INFORMATION PROVIDED ▸
__________
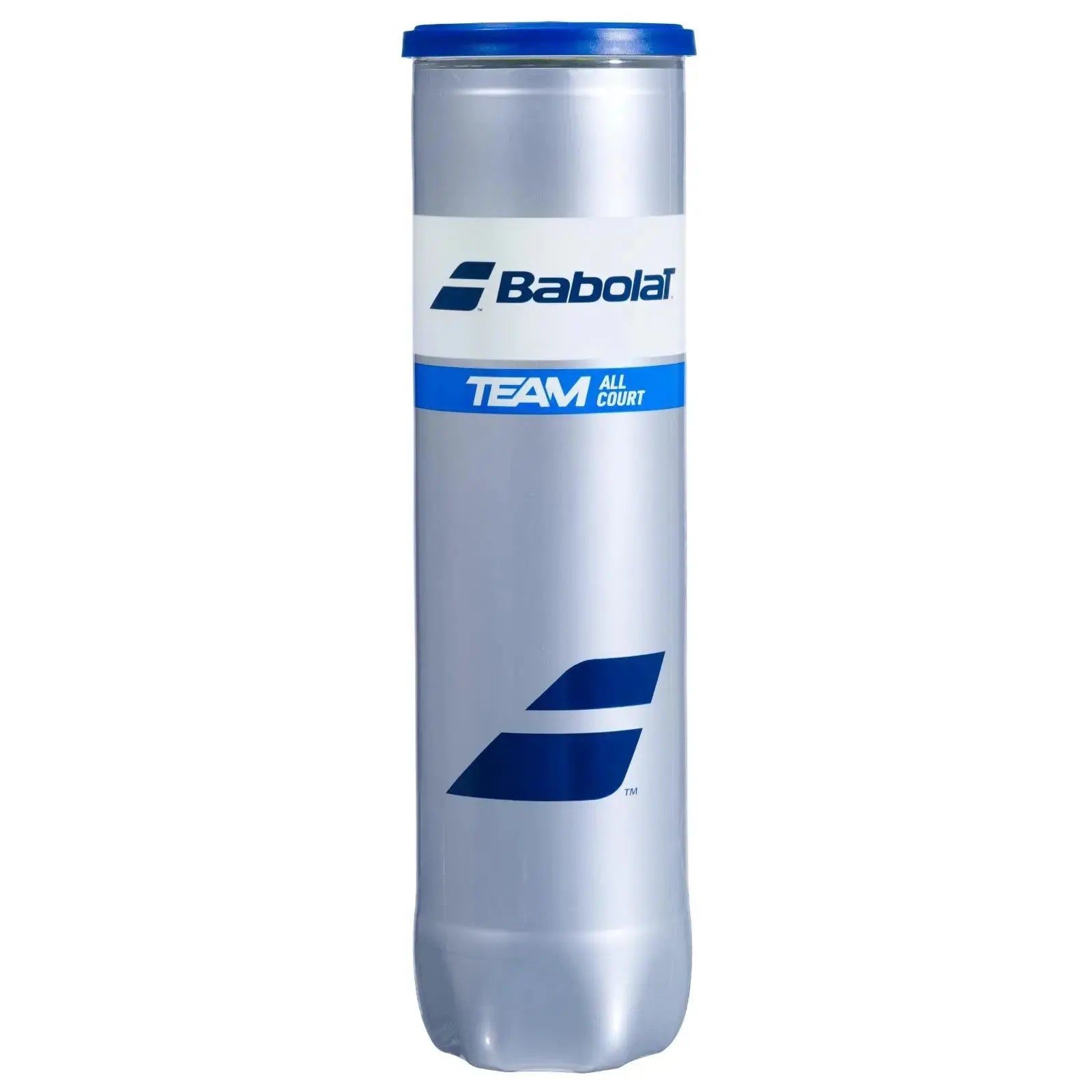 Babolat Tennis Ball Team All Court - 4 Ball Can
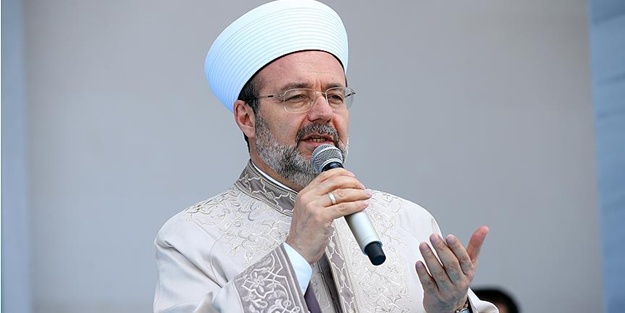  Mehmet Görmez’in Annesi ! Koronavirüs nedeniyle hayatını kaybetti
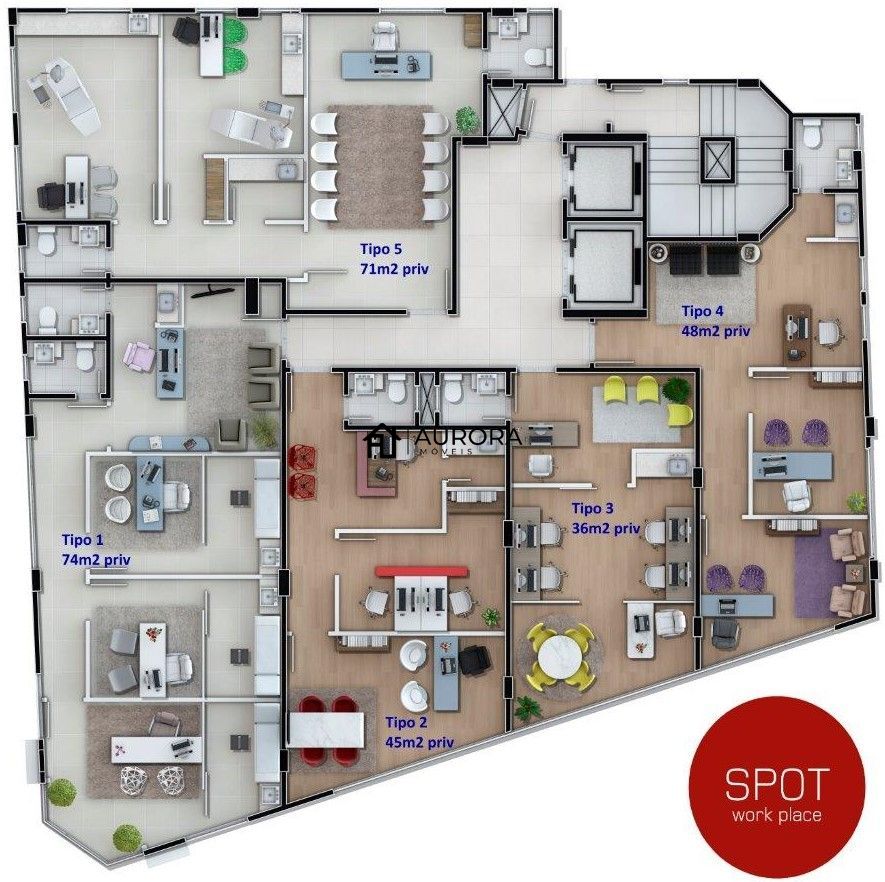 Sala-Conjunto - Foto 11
__________
PROBLEM DESCRIPTION ▸ Only the pictures are to be left out; write out all the other data exactly.

FINISHED TASK ▸
 Babolat Tennis Ball Team All Court - 4 Ball Can
  Mehmet Görmez’in Annesi ! Koronavirüs nedeniyle hayatını kaybetti
 Sala-Conjunto - Foto 11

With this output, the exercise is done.